Tuesday, March 8, 2011

On Carl's consistency, the Gordon/Conway mess, IndyCar's grid limits, single file racing, LVMS's victory lane, Wise's ride, and Danica's first top-5

- I am an avid reader of Bob Margolis's Sledgehammer blog, particularly his weekly "Observations" on Mondays. I do have a disagreement with him this week, right off the bat: he believes no one in the Sprint Cup Series has yet shown the consistency to be pegged with the favorite label. I disagree. I believe Carl Edwards has shown that out of the gate he will be the guy to beat for the title this season. He closed 2010 with two straight wins, finished second at Daytona, won the pole at Phoenix before getting eliminated in someone else's mess while running strongly, and followed up with a win at Las Vegas. How much more consistent can he be?

-The Robby Gordon/Kevin Conway mess continues to make headlines as the two trade insults through press releases. Conway's team sent out one of the worse press releases I've ever read with sponsor innuendo and double entendres right in the very first line. I love a good play on words as much as anyone, but maybe referencing stiff competition should be left to people who don't need to play musical chairs from ride to ride as the driver drops one and then the next and then the next out of the top-35.

-It's mystifying to me why the IndyCar Series would limit its starting fields to 26 cars. The more the merrier I say, and with so many unused cars sitting on the sidelines that could certainly be dragged out before moving to new equipment in 2012, why not invite anyone and everyone? If it's a matter of keeping certain slow drivers off the track, just don't issue them a license.

-Las Vegas Motor Speedway spent millions reconfiguring the track to a multi-groove, progressively banked layout to improve competition. It's always fun to see 190 mph speeds, but there also needs to be close racing and right now the 1.5-mile tracks aren't offering much of it beyond the initial starts and restarts. Maybe that will change as the teams figure out the handling package with the new noses and other aero enhancements.

-Speaking of LVMS, no one is questioning it's claim as one of the finest facilities in all of motorsports. It's an amazing place, no doubt about it. The view from the stands is incredible and everyone who's ever been inside it will never say anything negative about the "Neon Garage." However, there is one thing that needs to be remedied: the location of victory lane. It's in the middle of the garage area where a small percentage of the paying customers can see it. Yes, the Neon Garage ticketholders can see it, but that's what, one percent of the people there? Move it out somewhere where the people in the grandstands can see it too. California Speedway made that mistake back in 2004, moving victory lane to the end of the infield suites towards turn four, and no one had any idea it was there. They soon relocated it back to where it belongs, right where everyone can see it.
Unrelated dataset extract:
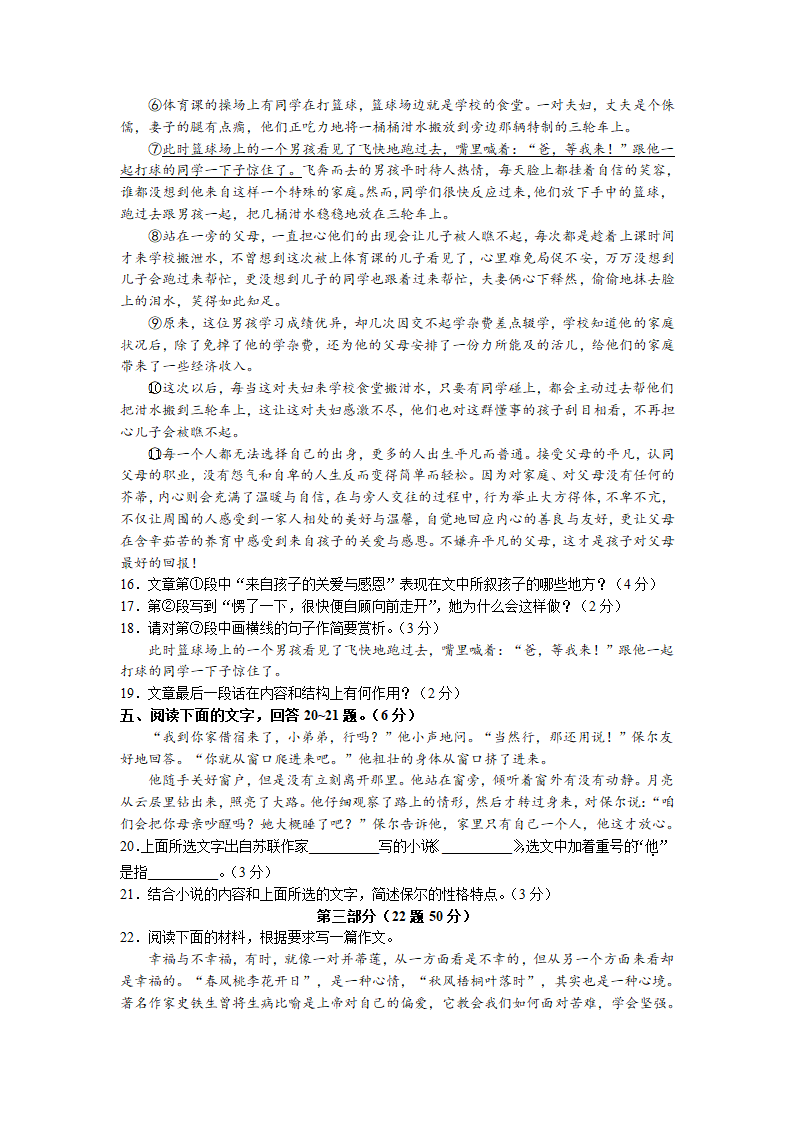 河北省邢台市2021-2022学年八年级下学期期末语文试题（含答案）.doc第5页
-How about Josh Wise's airborne ride in the Nationwide race? Reminded me of the good old days watching Mickey Thompson stadium off-road races in the early days of ESPN! Wanna bet that launching pad is remedied by the time the IndyCar Series makes it to LVMS in October?

-Bernie Ecclestone has set a May 1 deadline for the unrest in Bahrain to be solved or the Formula 1 circuit will cancel its 2011 race. Anyone else wishing NASCAR was racing in Las Vegas this weekend so they could make a bet on the race being canceled?

-We heard the Negative Nancy's get on Jennifer Jo Cobb for playing the attrition game en route to a sixth-place finish at Daytona, and now we're hearing the same detractor's complain about Danica Patrick's fourth-place finish at LVMS. I stick with what I said, it doesn't matter how you got there only that you get there. Fourth is fourth, it's the best finish by a woman, and that's excellent for her. However, I think what we need to look with when talking about Danica isn't just results it's her development as a stock car driver. You can learn a lot more about racing a stocker back in the pack than you can by jumping out front by a mile and winning (see Steven Wallace's ARCA career for proof). She's learning, well, hopefully she is, and that's what matters at this point not where she finishes. But I am sure every top-ten she brings home is more than welcome, too.